Your task: Lower down are entries containing pictures. Copy exactly, without those pictures, the lines from the line with "mdpv Переславль-Залесский" through the line with "I know how you".

[Records excerpted from a collection]
* * *

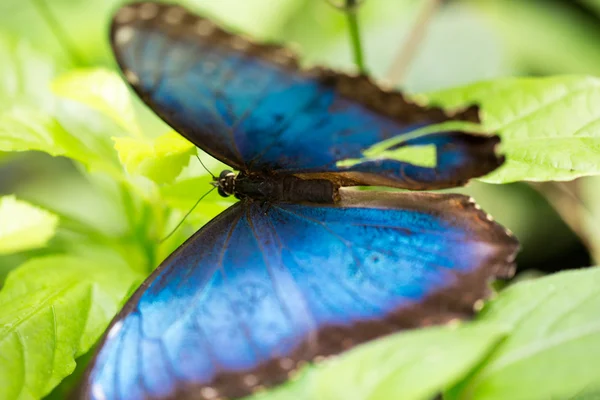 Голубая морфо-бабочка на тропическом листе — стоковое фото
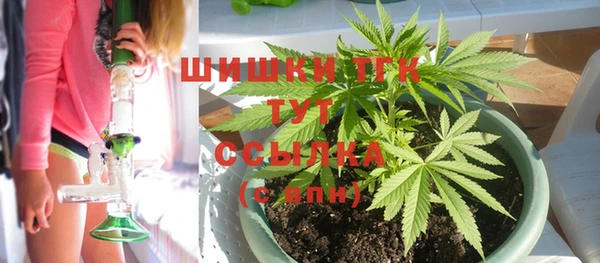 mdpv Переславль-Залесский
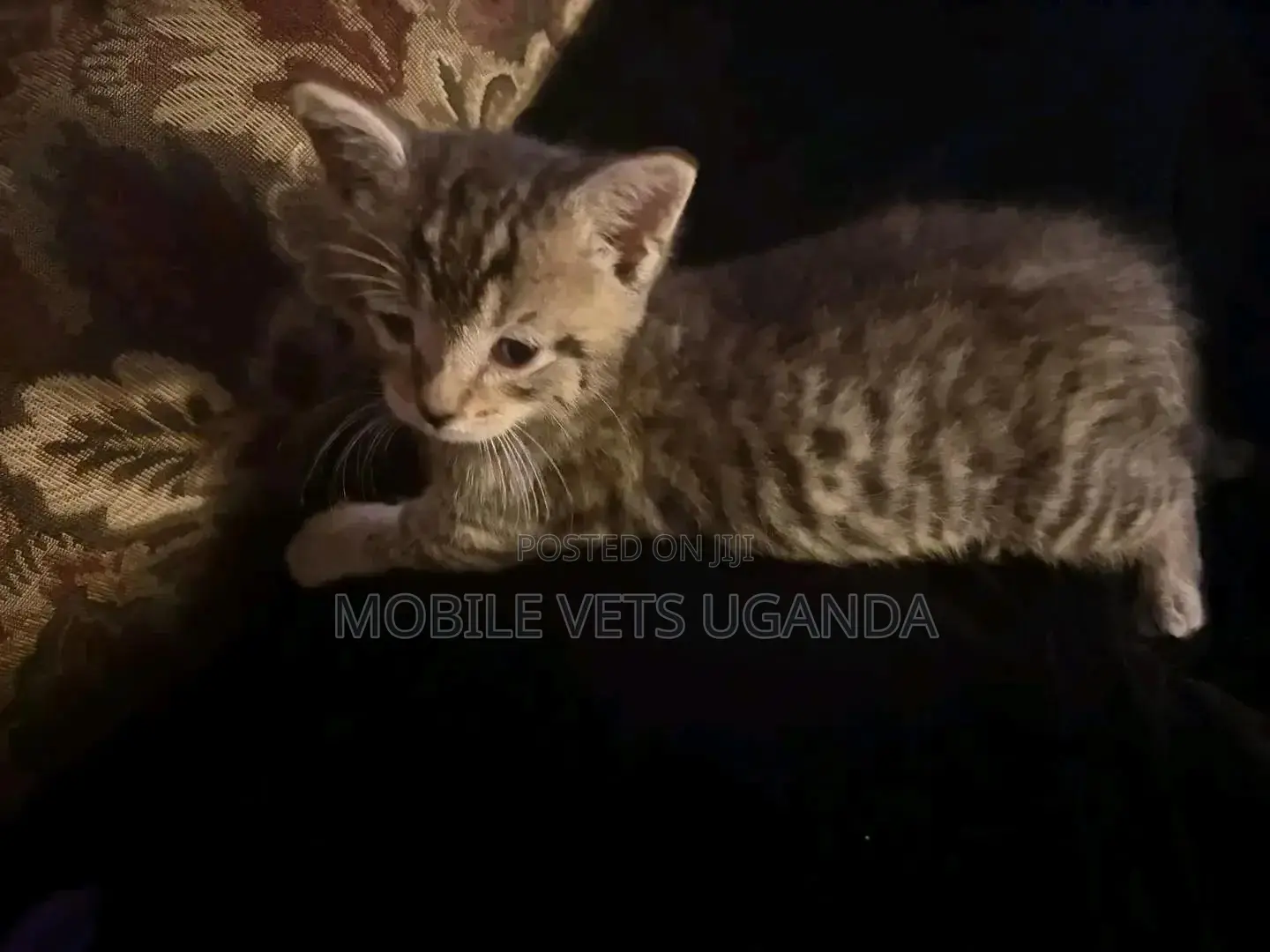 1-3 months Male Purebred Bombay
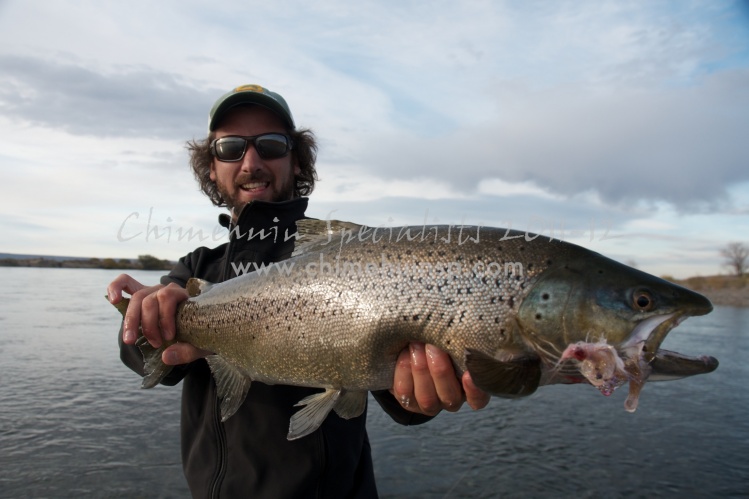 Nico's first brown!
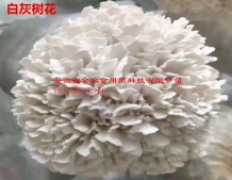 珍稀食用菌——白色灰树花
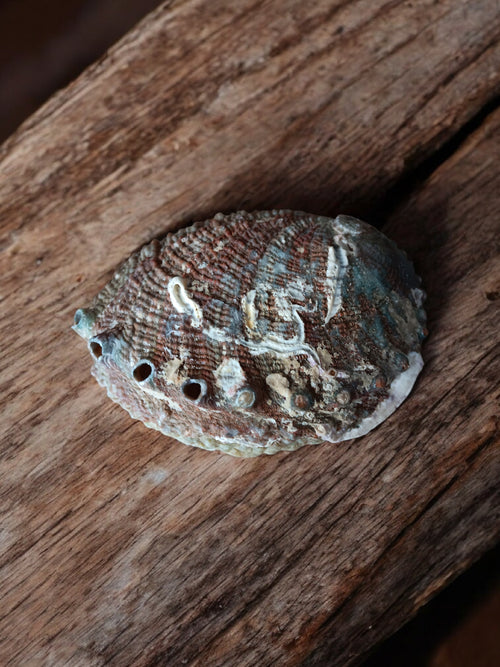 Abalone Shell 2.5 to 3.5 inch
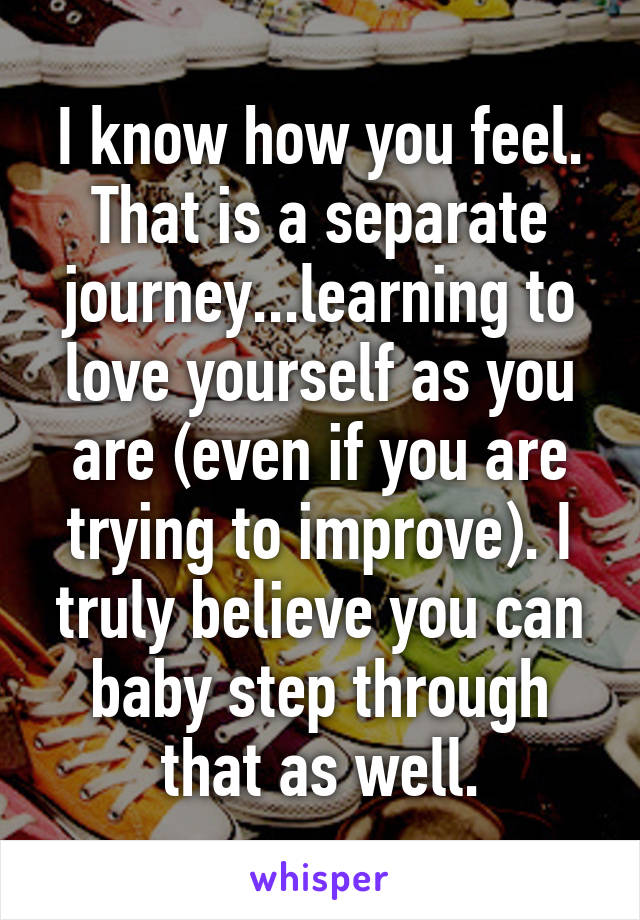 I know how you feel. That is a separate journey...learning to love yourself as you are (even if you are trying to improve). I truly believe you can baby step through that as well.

* * *

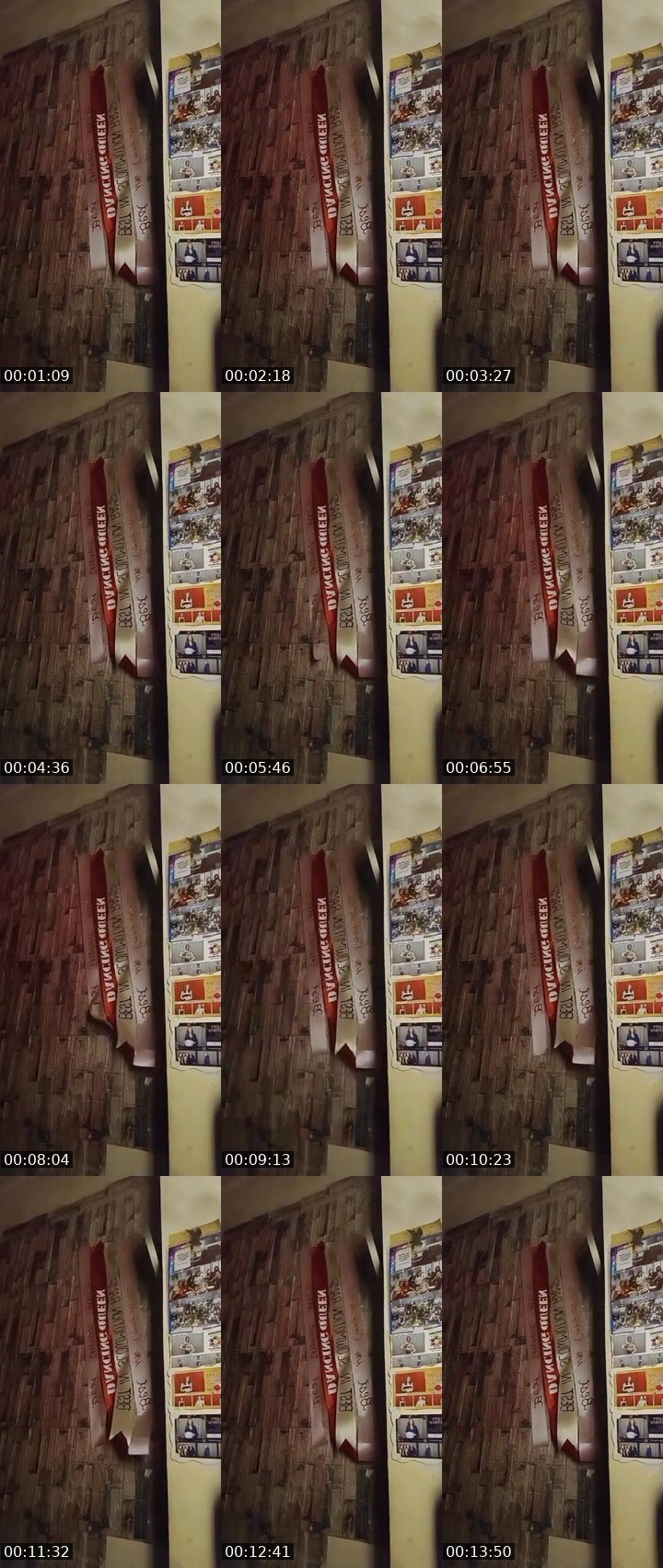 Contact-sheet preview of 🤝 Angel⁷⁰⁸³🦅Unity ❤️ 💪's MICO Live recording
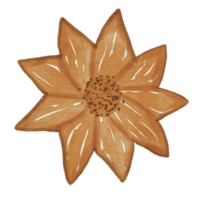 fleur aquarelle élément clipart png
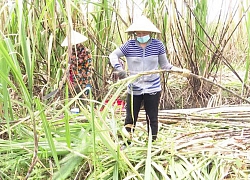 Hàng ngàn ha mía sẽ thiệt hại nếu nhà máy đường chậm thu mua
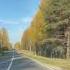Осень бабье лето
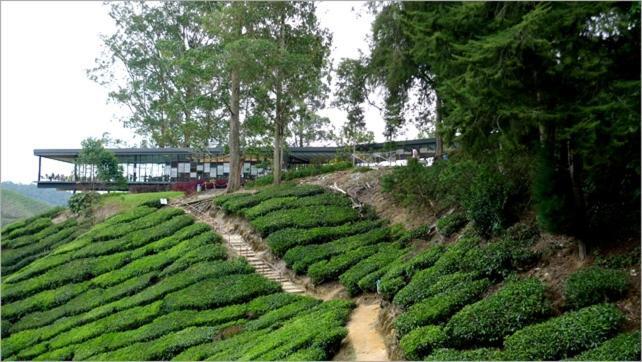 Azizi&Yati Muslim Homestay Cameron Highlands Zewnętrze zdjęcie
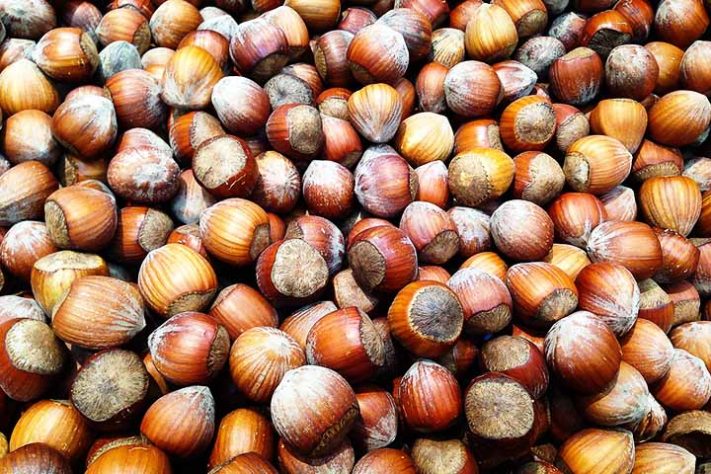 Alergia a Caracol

* * *

Task output:
 mdpv Переславль-Залесский
 1-3 months Male Purebred Bombay
 Nico's first brown!
 珍稀食用菌——白色灰树花
 Abalone Shell 2.5 to 3.5 inch
 I know how you feel. That is a separate journey...learning to love yourself as you are (even if you are trying to improve). I truly believe you can baby step through that as well.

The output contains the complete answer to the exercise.